CREW: White House lost at least 10 million e-mails
Doubles previous estimate of extent of communications improperly deleted
They could be anything from spam offering male enhancement to furtive exchanges of political strategy with convicted lobbyists, but observers say the White House deleted more than twice as many e-mails as previous estimates, bringing the total number of missing communications involving administration aides like Karl Rove and others to higher than 10 million.
Anne Weismann, the top lawyer for a watchdog group suing the White House, said sources close to Congressional and private investigations doubled previous estimates of the number of deleted e-mails.
"I will tell you, by the way, that it's way higher than five million," Weismann, chief counsel for Citizens for Responsibility and Ethics in Washington told ChannelWeb. "It's more than 10 million."

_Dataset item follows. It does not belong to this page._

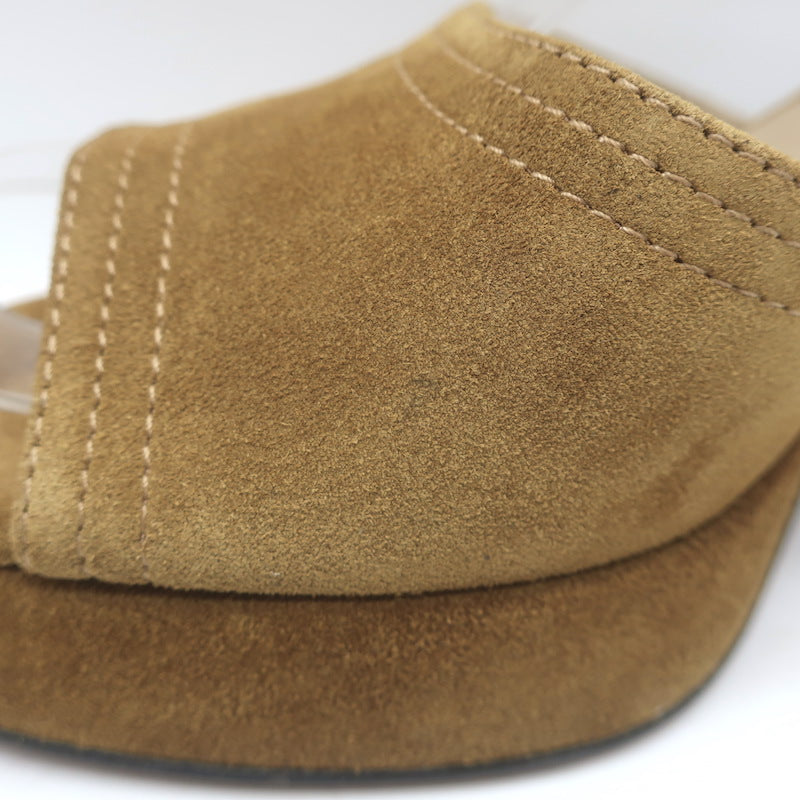 Valentino Fawcette Platform Ankle Strap Sandals Tan Suede Size 36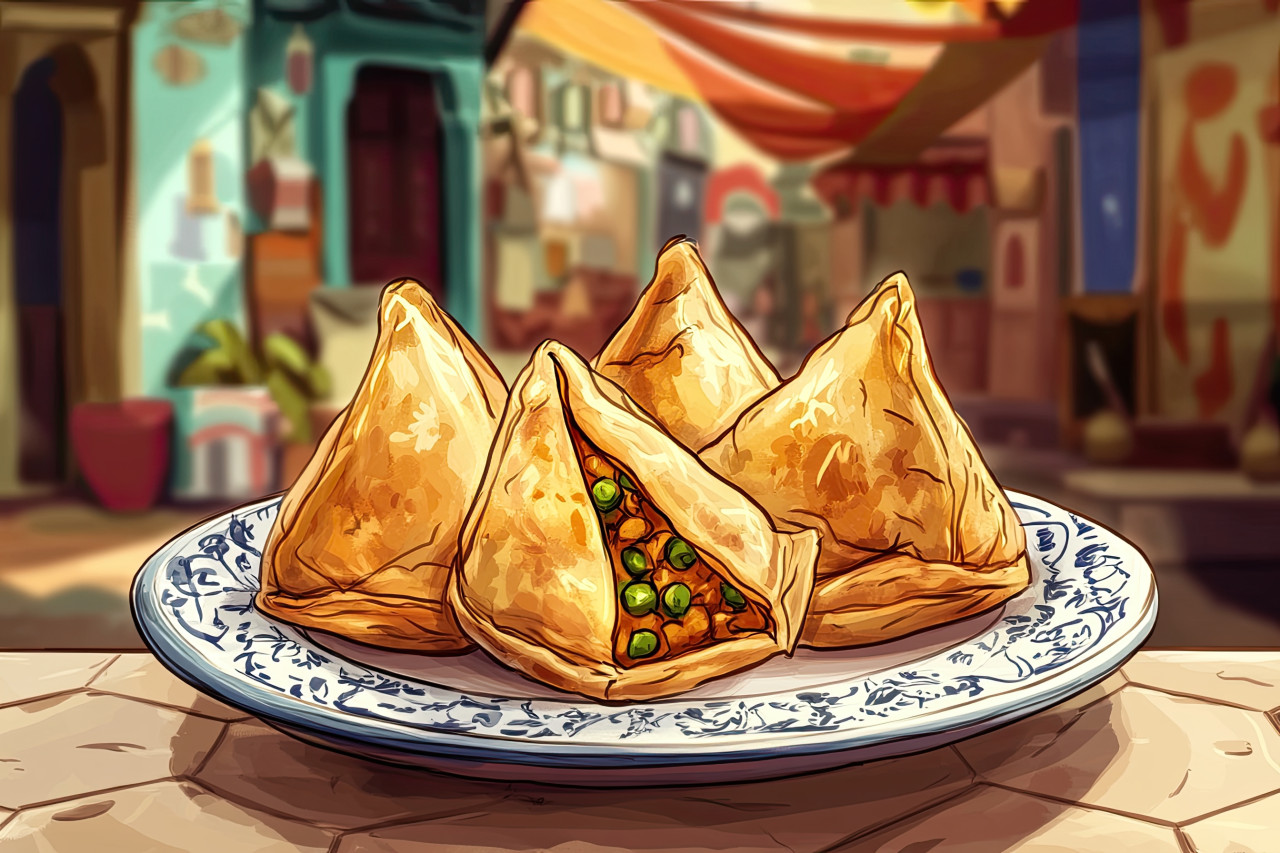 Crispy golden samosa filled with spiced potatoes, shaped with playful doodle line art, 3d pencil realism food, indian street food concept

CREW and another open-government watchdog, the National Security Archive, have joined forces to force the government to restore the millions of e-mails that were improperly deleted.
Last month, the pair scored a legal victory in convincing a judge to order the White House to retain backup tapes that contain archived copies of the deleted e-mails. The Temporary Restraining Order required the Executive Office of the President to maintain copies of all the backup tapes it has, although CREW lawyers cannot say how many of the missing e-mails have been preserved for future historians.
"I have a sinking fear that the backups we want have been overwritten. Millions of e-mails, gone. Obviously, if they're already destroyed ..." she told the Web site, trailing off.